Very much a singer-songwriter in the vein of a Starbucks CD sampler featuring Jeff Buckley and John Mayer types, Kipner made the most of his man-with-his-emotions-and-an-electric-guitar setup.
With a grandfather who signed the Bee Gees in Australia in 1966, Kipner grew up surrounded by music. He paid tribute to that past with a remarkable set of songs that were myopic in their focus on the ins and outs of love, but also incredibly charming. He made the heart-on-sleeve bit work by infusing a combination of cleverness and passion into each song. The high point came with his upcoming first single, “The Year of Rebecca,” a track that’s equal parts Ben Folds and Rick Springfield and delivers a line in the closing moments worth a chuckle.
Before he’d hardly taken the stage, Rick Astley received a standing ovation. This is the result of smashing worldwide album charts in the 80’s and then abruptly retiring at 27 to raise a family. Astley has toured on and off in Europe since then and released several albums, but 2016’s 50 is his proper comeback record and a huge success at that, topping the UK charts. His stop in Miami was part of a U.S. tour nearly 30 years in the making.

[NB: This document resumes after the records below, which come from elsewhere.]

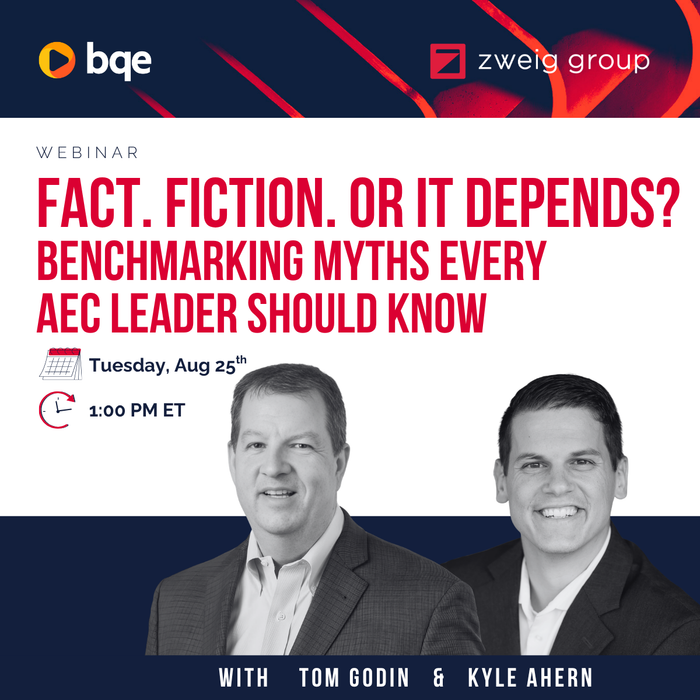Fact. Fiction. Or It Depends? Benchmarking Myths Every AEC Leader Should Know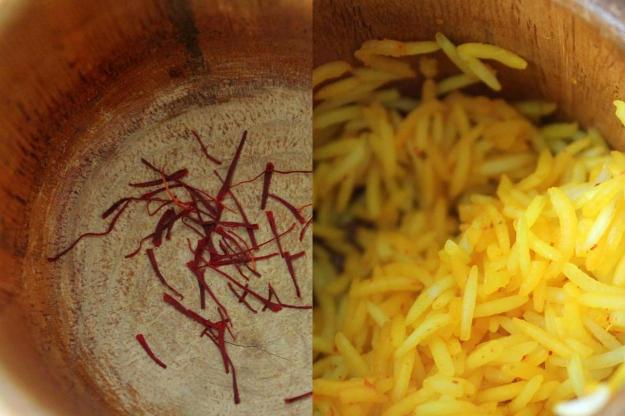 saffron rice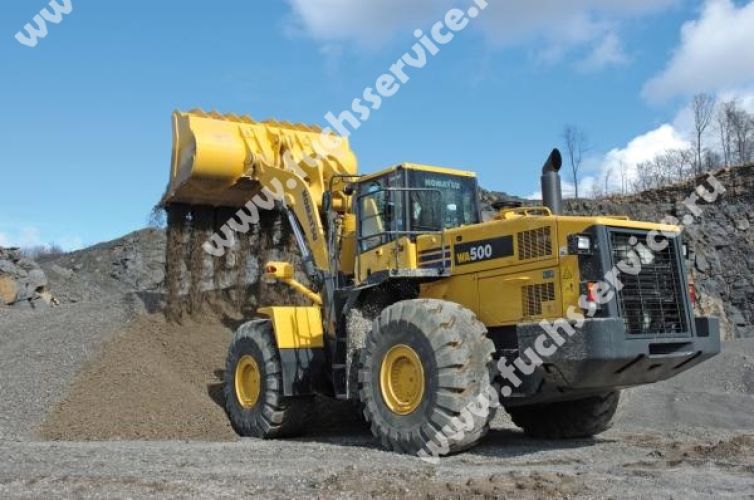 Komatsu WA500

He began the night by “sneaking in” a new song, “This Old House.” What was immediately apparent is the booming power of his unbelievably deep voice. As an instrument unto itself, it resonates with a force more dramatic than a massive drum kit or funkdafied bassline. He followed that up with “Together Forever,” a smash single off of his 1993 massive hit record, Whenever You Need Me. He did so without fanfare, a move he’d use repeatedly as he sprinkled classic songs into a set that included plenty of newer material and a few surprise covers.
Although it was a seated event, the audience spent half the show dancing in the aisles, Astley’s voice a sledgehammer that punctuated every move. And again, it’s hard to understate this, but fans may think they’re ready for his remarkably rich voice by listening to his albums but trust this: you are not.

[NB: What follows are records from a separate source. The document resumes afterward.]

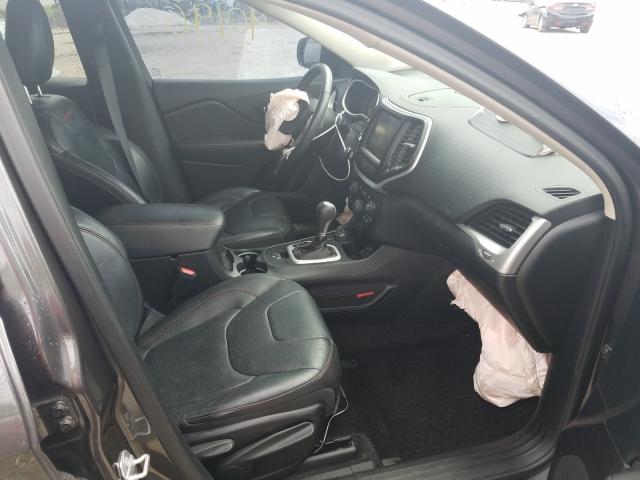 2016 JEEP CHEROKEE T 1C4PJMBS9GW163576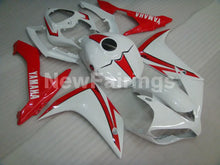 Load image into Gallery viewer, Red White Factory Style - YZF-R1 07-08 Fairing Kit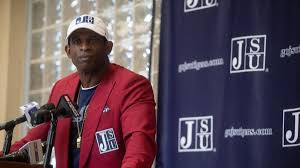 We're family now, sanders said. Deion Sanders Takes Over At Jackson State Coach Prime Talks Staff Recruiting In First Press Conference Cbssports Com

Case in point, Astley trotted out an old favorite, Nat King Cole’s timeless “When I Fall in Love.” Of the song, he said, “No one can sing like Nat King Cole,” but holy hell, did Astley do it all the justice it deserves.
In tow was his very talented band, backing vocalist Dawn Joseph the standout of the bunch. Only someone with truly potent pipes could keep up with Astley and she was more than up to the task, crushing it on several solo features including a medley that popped up in the middle of “Cry for Help.” It was a tribute to Astley’s 80s brethren that featured appearances by Whitney Houston’s “Dance with Somebody” and “Do You Really Want to Hurt Me?” by Culture Club, all set to a reggae rhythm.
It wasn’t the first creative cover or mashup or the last. Astley also mixed it up with a spot on version of Bruno Mars’ “Uptown Funk” and “Ain’t Too Proud To Beg” by The Temptations. On the latter, this pasty British man proved that he had as much Motown running through his veins as a Detroit native.
For those who solely came to see his ubiquitous hit, “Never Gonna Give You Up,” they had to wait until the encore as he left it for the closing number (a fact he commented on by saying, “Do you think I’m stupid? Half of you would record it, post it on Youtube, and walk out the door.”)
However, in the intervening time, they were confronted with a consummate entertainer who was goofy, magnetic, sarcastic, and exuded the energy of a Las Vegas headliner.